Destined To Win
Naren(centre) pictured with his parents at the 9th ASEAN Para Games. (Photo Credit: Matthew Mohan-AFP Services)
“When you set your heart on something, you should do your best to see it through to the end, no matter what it takes.” This never-say-die mantra has enabled ASEAN Para Games 2017 handcycling silver medallist, Naren Lee Sankar, to triumph through life’s challenges. From a young age, Naren, who was born with cerebral palsy, was actively involved in a variety of sports such as swimming, water-skiing and horseback riding.
The current SIM-RMIT Bachelor of Business (Marketing) student also competed in chess at a national level.

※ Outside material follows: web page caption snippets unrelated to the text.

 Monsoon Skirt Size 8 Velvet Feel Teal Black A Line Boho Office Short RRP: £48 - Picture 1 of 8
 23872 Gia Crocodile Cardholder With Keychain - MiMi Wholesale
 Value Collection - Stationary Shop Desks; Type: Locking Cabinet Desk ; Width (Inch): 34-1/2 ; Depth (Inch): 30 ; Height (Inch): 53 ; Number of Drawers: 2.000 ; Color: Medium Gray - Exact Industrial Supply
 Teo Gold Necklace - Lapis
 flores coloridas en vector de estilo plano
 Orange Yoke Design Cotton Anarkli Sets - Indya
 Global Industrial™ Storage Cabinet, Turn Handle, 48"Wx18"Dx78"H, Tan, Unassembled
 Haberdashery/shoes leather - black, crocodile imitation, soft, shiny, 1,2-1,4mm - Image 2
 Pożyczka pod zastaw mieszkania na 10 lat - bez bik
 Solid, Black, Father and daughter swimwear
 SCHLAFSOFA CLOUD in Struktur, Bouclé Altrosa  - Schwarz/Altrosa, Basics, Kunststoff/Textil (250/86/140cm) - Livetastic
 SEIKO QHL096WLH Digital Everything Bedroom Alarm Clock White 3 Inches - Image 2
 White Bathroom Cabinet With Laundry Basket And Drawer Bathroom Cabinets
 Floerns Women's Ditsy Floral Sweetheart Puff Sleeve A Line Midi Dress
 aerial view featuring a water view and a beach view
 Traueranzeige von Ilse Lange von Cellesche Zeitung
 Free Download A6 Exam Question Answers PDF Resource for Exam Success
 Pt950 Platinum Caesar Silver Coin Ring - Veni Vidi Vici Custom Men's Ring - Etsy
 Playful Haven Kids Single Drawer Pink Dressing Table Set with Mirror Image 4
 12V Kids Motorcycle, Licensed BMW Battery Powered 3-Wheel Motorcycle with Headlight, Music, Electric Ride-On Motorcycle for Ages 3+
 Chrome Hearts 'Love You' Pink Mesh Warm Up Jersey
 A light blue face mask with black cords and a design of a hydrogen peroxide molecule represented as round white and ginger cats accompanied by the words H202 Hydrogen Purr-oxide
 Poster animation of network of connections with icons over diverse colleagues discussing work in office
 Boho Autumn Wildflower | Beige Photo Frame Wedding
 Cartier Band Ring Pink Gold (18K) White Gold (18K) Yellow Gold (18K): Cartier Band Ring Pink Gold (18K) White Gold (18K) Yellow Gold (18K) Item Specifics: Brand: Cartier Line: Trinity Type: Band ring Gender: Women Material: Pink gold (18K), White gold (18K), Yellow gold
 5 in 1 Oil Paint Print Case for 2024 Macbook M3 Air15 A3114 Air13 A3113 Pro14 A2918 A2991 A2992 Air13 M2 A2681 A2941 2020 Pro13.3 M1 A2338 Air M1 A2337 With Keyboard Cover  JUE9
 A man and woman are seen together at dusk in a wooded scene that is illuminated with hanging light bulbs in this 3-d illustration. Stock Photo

“Since young, my mother got me involved in sports as she wanted me to stay active and have fun while doing it. I took a keen interest in chess,” Naren shares.
“If I told you that you are able to tell someone’s character through playing chess, you wouldn’t believe me but I find it to be true. People who are loud and extroverted usually go on the offensive first, whereas people who are more introverted tend to have a better defence,” he quips.
In 2015, Naren decided to take up handcycling as a new sport. His impressive ability caught the eye of the President of the Handcycling Association of Singapore and he approached Naren to represent the country at the 2017 ASEAN Para Games. Although he wasn’t as confident at first, Naren decided to take up the challenge of competing at the Para Games.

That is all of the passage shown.